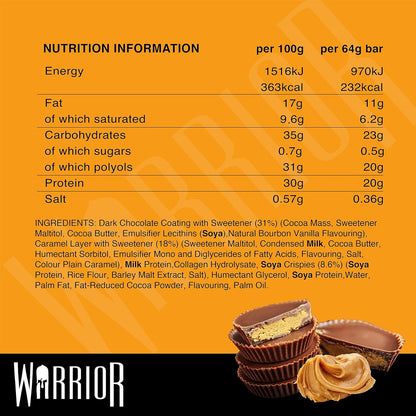 Warrior Crunch - High Protein Bars - 20g Protein Each Bar - Low Carb, Low Sugar Snack - 12 Pack x 64g - Dark Chocolate Peanut Butter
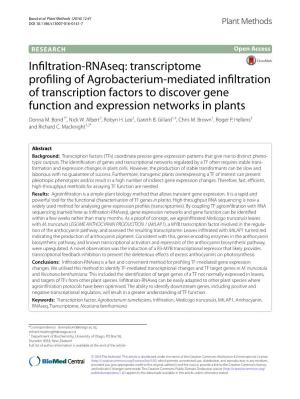 Transcriptome Profiling of Agrobacterium‑Mediated Infiltration of Transcription Factors to Discover Gene Function and Expression Networks in Plants Donna M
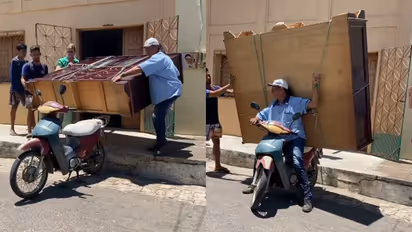 Viral Video: Brazilian Man Balances Massive Almirah on Scooter, Amuses Internet [WATCH]
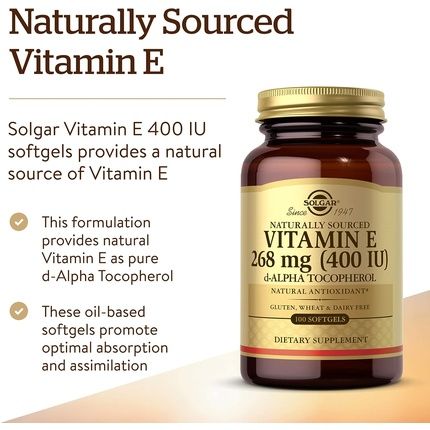 Solgar Natural Source Vitamin E 268Mg Softgels - Pack Of 100 - Protects Cells From Oxidative Stress - Immune System Support - Vegan And Gluten Free - Image 3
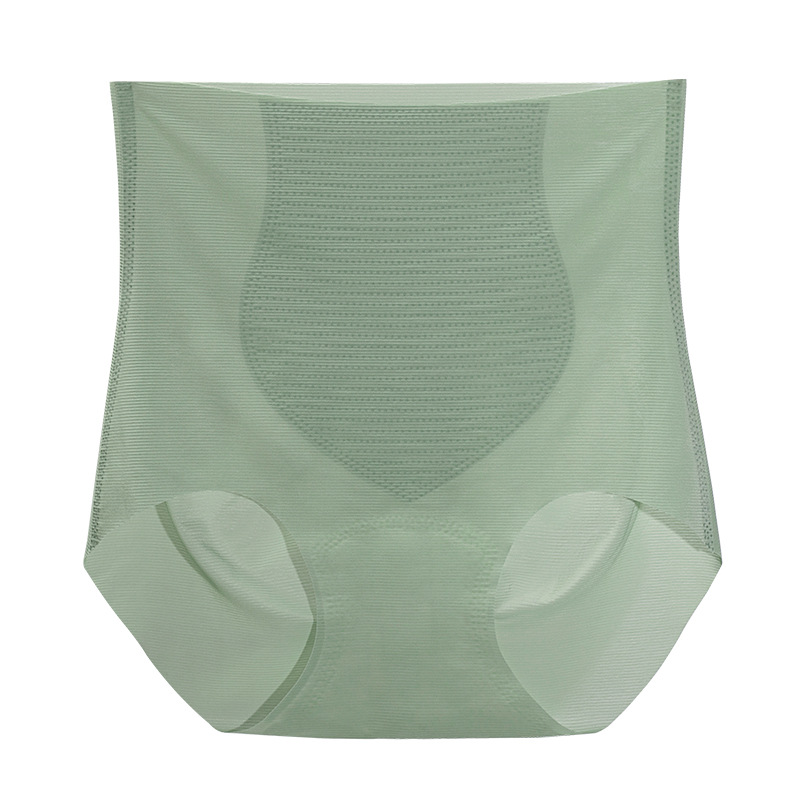 Picture of High-Waisted Ice Silk Seamless Tummy Control Underwear for Women, Silk Protein Antibacterial Bottom Crotch Lifting Sports Yoga Thin Briefs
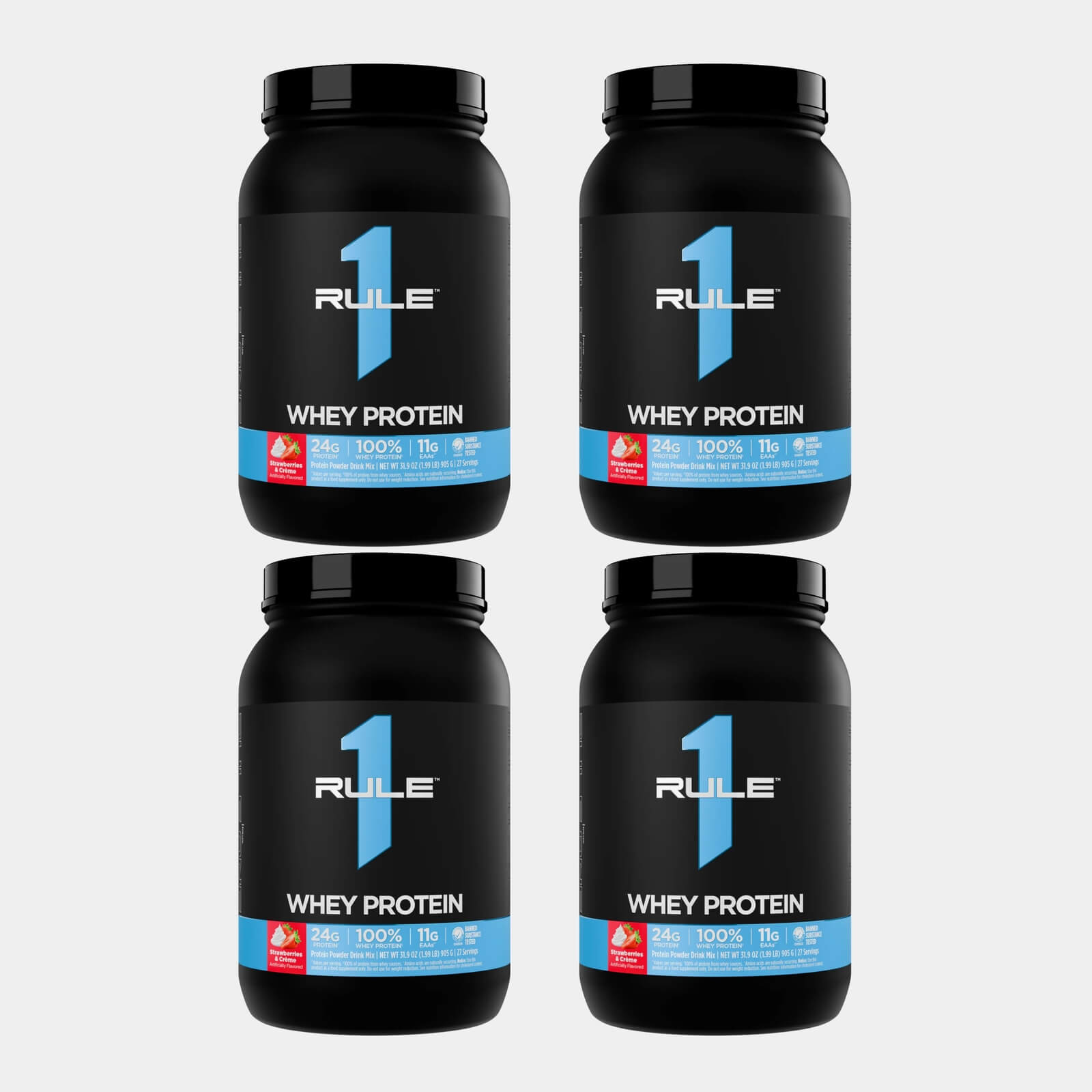 Rule One Proteins R1 Whey Protein | 2 lb | 27 Servings | Strawberries & Crème Pack of 4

• The problem: Your task is to quote exactly the lines from the one with "Viral Video: Brazilian" through the end of the material, both included, without reproducing any pictures.

• Response below:
 Viral Video: Brazilian Man Balances Massive Almirah on Scooter, Amuses Internet [WATCH]
 Solgar Natural Source Vitamin E 268Mg Softgels - Pack Of 100 - Protects Cells From Oxidative Stress - Immune System Support - Vegan And Gluten Free - Image 3
 Picture of High-Waisted Ice Silk Seamless Tummy Control Underwear for Women, Silk Protein Antibacterial Bottom Crotch Lifting Sports Yoga Thin Briefs
 Rule One Proteins R1 Whey Protein | 2 lb | 27 Servings | Strawberries & Crème Pack of 4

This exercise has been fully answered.